ロシアの場合、ビルの屋上に平行2線の有線ラジオ網が張り巡らされている。これは1930年代に全ロシアに敷設されたものだが、現在はほとんど使用されていない。ビル間通信はPLCモデムを用いた有線ラジオ線上で行い、またビル内は電力線を用いた通常のPLC通信を行うことによって、ブロードバンドサービスを可能にした。
図5に示すように、ビル屋上に設置された親機(HE:ヘッドエンド)からの信号は有線ラジオ線に伝送され、各ビルの最上階に設置された中継機(REP:リピータ)で中継されてビル内の電力線に注入される。ビル内の電力線は各部屋までつながっており、それぞれのコンセントから子機(CPE:Customer Premise Equipment)にPLC信号が伝送される。
また、子機からの信号はこの反対の経路で親機に伝送され、上位のネットワークに到達する。各CPEからの信号は電力線を通してほかの部屋にも漏れる恐れがあるため、VLAN(仮想LAN)を設定して居住者の子機間が通信してしまわないよう工夫している。

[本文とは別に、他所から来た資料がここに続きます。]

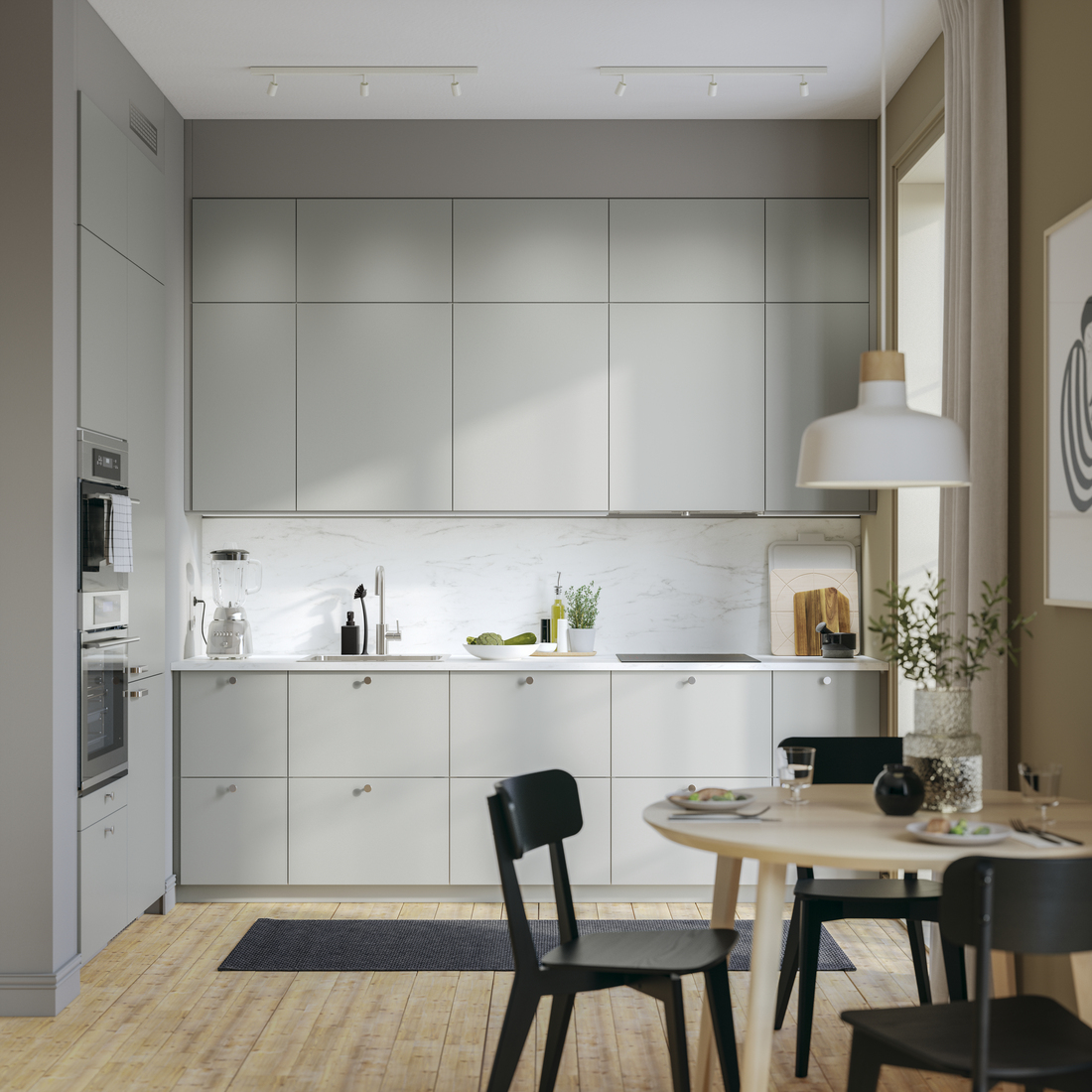 BÄVE, LED ceiling track, 3 spots 800 lm 2700K. 4 of 4 open dialog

本システムでは各戸に1Mbpsのブロードバンドサービスを実現した。また、インターネットとVoIP(Voice over IP)のサービスをモスクワで提供しており、サービスは周辺都市にも展開されている。
PLCはビル、工場などの企業向け用途のほかにも、通信ケーブル敷設工事の伴わない簡易なネットワーク構築方法としてさまざまな分野への応用が期待されており、海外では数年前から実用化が始まっている。
しかし国内では、2006年10月の省令改正まで漏えい電界低減のための実験でしか利用が認められていなかったため、PLCを用いてどのようなサービスが可能か、十分に検証されているとはいえない。とにかく、これらの分野で早急に実績を積み重ねて、技術的に問題が生じないこと、LANケーブル敷設の代替手段としてコストメリットがあることを実証した上で、国内においてもPLCでさまざまなアプリケーションが広がることを期待したい。